Hyperparameter optimization is often one of the final steps in a data science project. Once you have a shortlist of promising models you will want to fine-tune them so that they perform better on your particular dataset.

In this post, we will go over three techniques used to find optimal hyperparameters with examples on how to implement them on models in Scikit-Learn and then finally a neural network in Keras. The three techniques we will discuss are as follows:

Grid Search
Randomized Search
Bayesian Optimization

You can view the jupyter notebook here.

Grid Search

One option would be to fiddle around with the hyperparameters manually, until you find a great combination of hyperparameter values that optimize your performance metric. This would be very tedious work, and you may not have time to explore many combinations.
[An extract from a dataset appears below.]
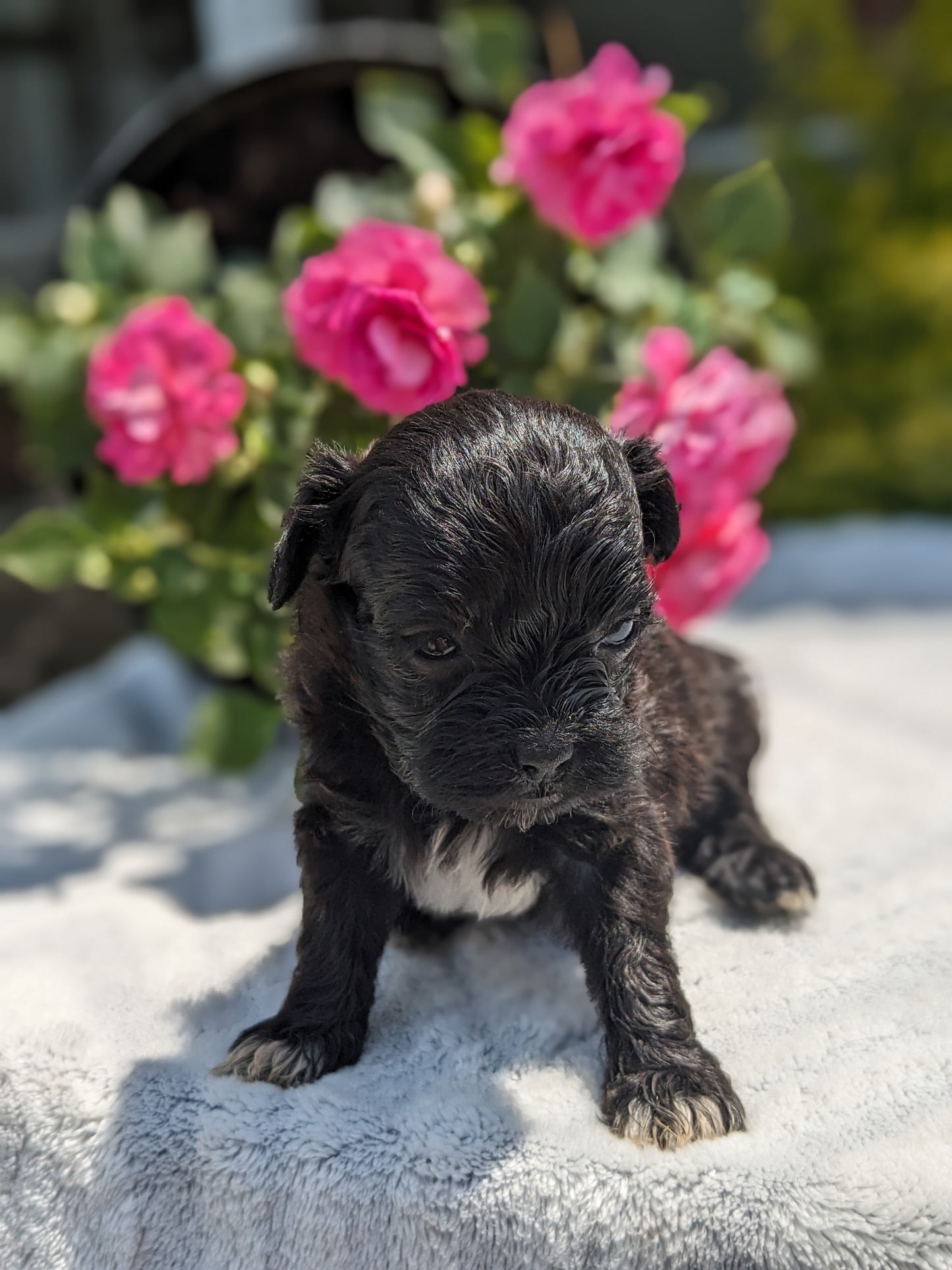 SHIH-POO (04/22) MALE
Instead, you should get Scikit-Learn’s GridSearchCV to do it for you. All you have to do is tell it which hyperparameters you want to experiment with and what values to try out, and it will use cross-validation to evaluate all the possible combinations of hyperparameter values.
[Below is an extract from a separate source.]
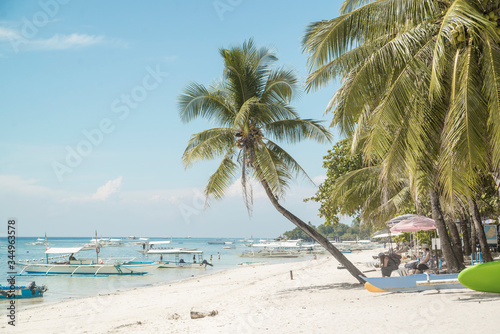 palm tree extending over a relaxing beach in the philippines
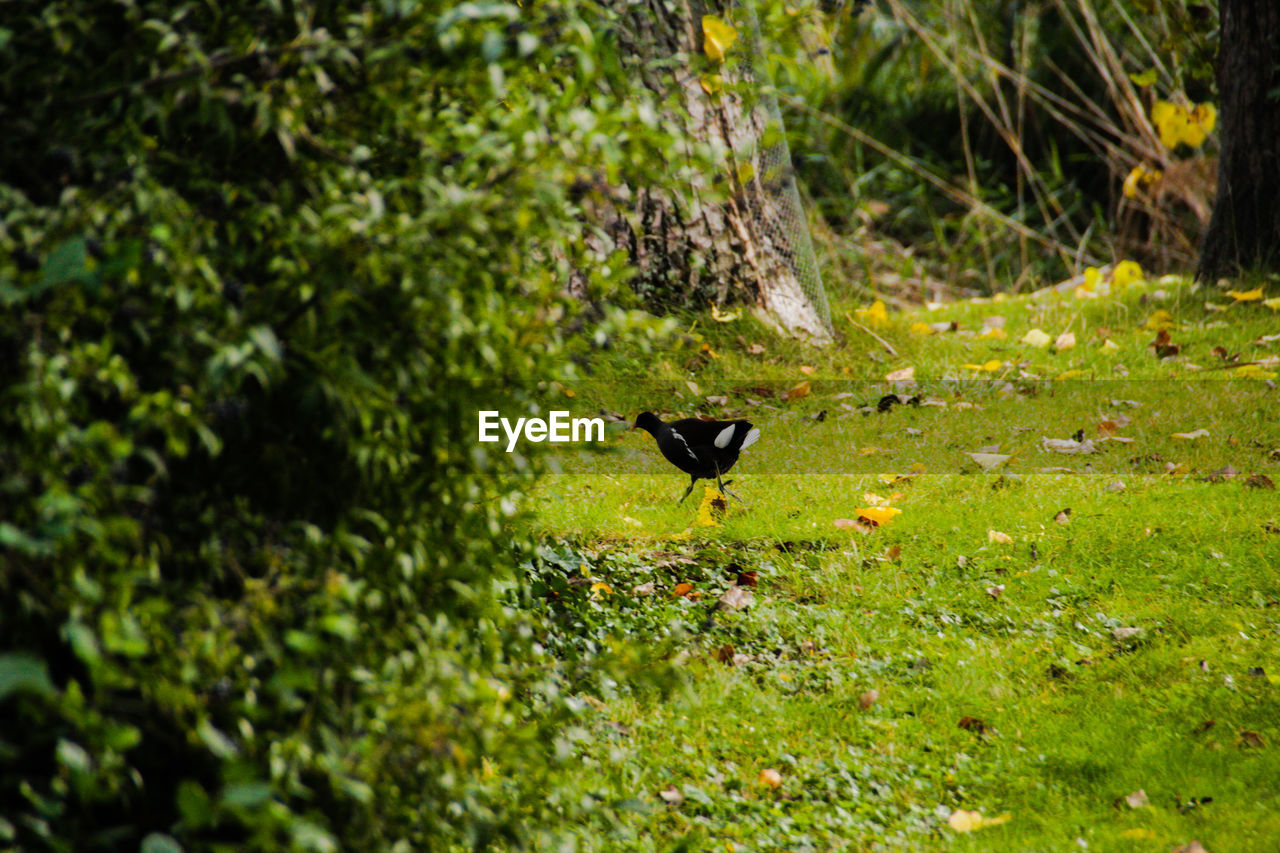 BIRD FLYING IN A GREEN SUNLIGHT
Let’s work through an example where we use GridSearchCV to search for the best combination of hyperparameter values for a RandomForestClassifier trained using the popular MNIST dataset.
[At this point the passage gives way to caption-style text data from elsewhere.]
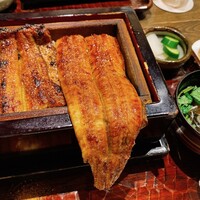 にょろ助 銀座 - 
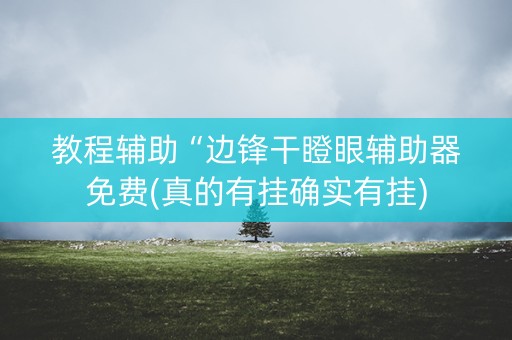 教程辅助“边锋干瞪眼辅助器免费(真的有挂确实有挂)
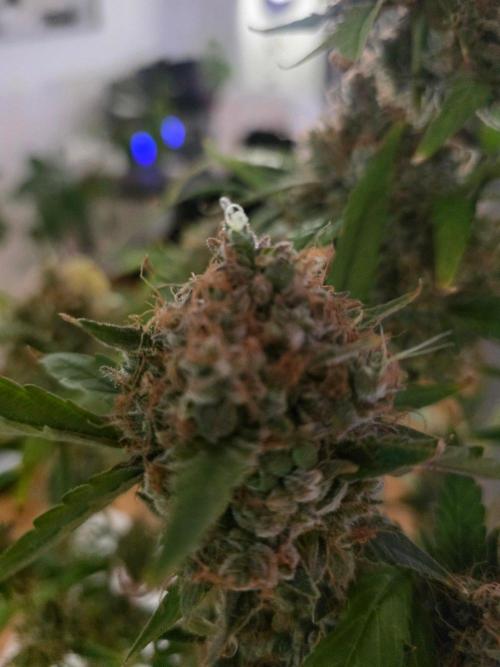 Bruce Banner Auto. Week 17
To give you a feel for the complexity of the classification task, the figure below shows a few images from the MNIST dataset:

Image for post

To implement GridSearchCV we need to define a few things. First being the hyperparameters we want to experiment with and the values we want to try out. Below we specify this in a dictionary called param_grid.

from sklearn.ensemble import RandomForestClassifier
	from sklearn.model_selection import GridSearchCV

	param_grid = {'bootstrap': [True],
	     'max_depth': [6, 10],
	     'max_features': ['auto', 'sqrt'],
	     'min_samples_leaf': [3, 5],
	     'min_samples_split': [4, 6],
	     'n_estimators': [100, 350]
	    }

	forest_clf = RandomForestClassifier()

	forest_grid_search = GridSearchCV(forest_clf, param_grid, cv=5,
	                                  scoring="accuracy",
	                                  return_train_score=True,
	                                  verbose=True,
	                                  n_jobs=-1)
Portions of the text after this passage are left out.